All of the data must be written out verbatim, with pictures excluded.

• [Available data]:
┌──
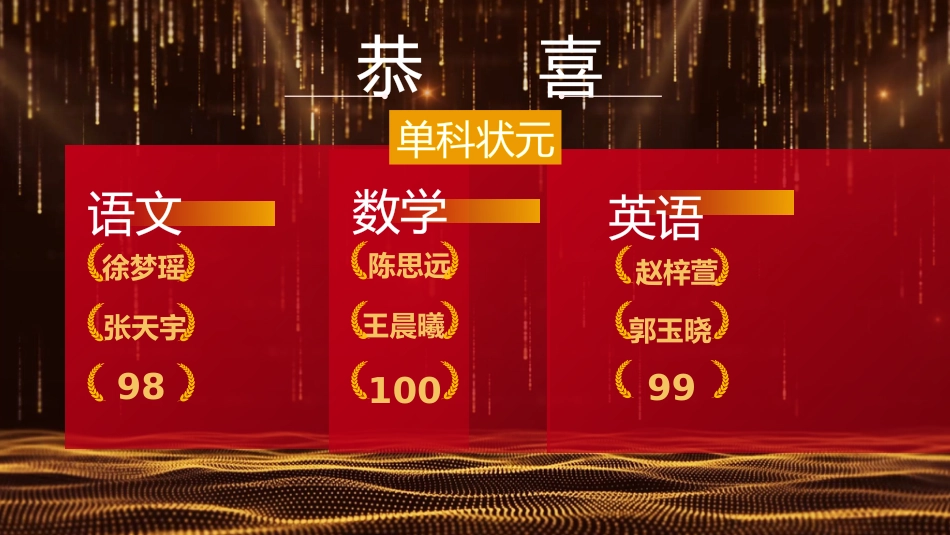 【通用】【期中表彰】主题班会:考后复盘,表彰激励_第8页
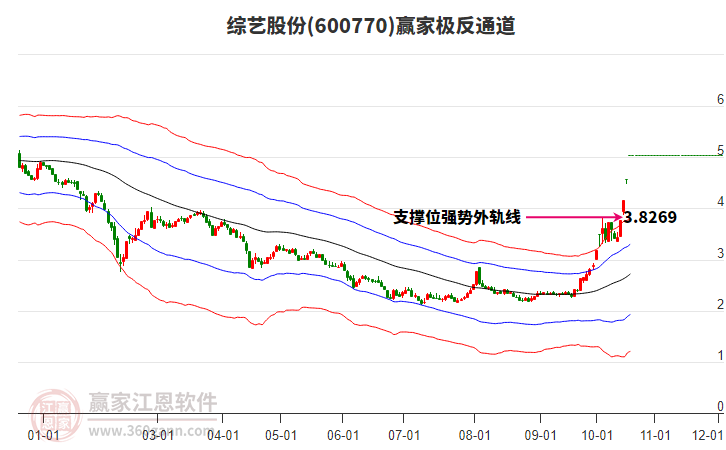 600770综艺股份赢家极反通道工具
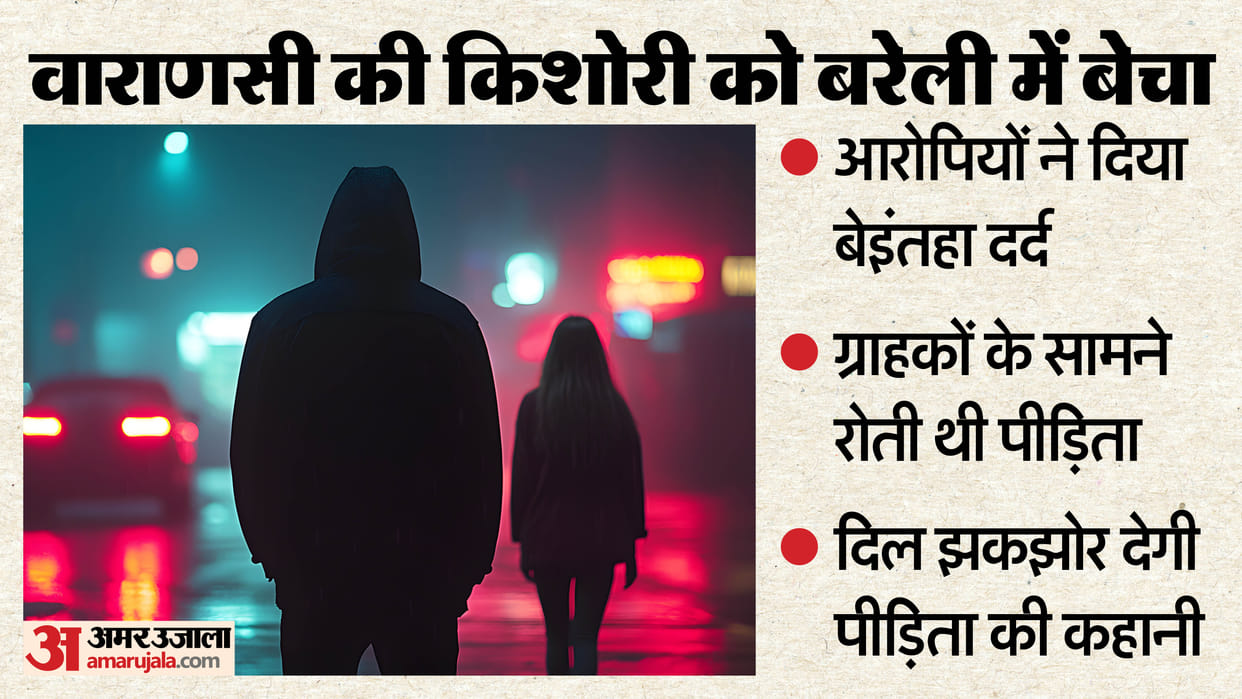 Accused Forced minor girl into Prostitution in Bareilly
└──
• [Finished exercise]:
 【通用】【期中表彰】主题班会:考后复盘,表彰激励_第8页
 600770综艺股份赢家极反通道工具
 Accused Forced minor girl into Prostitution in Bareilly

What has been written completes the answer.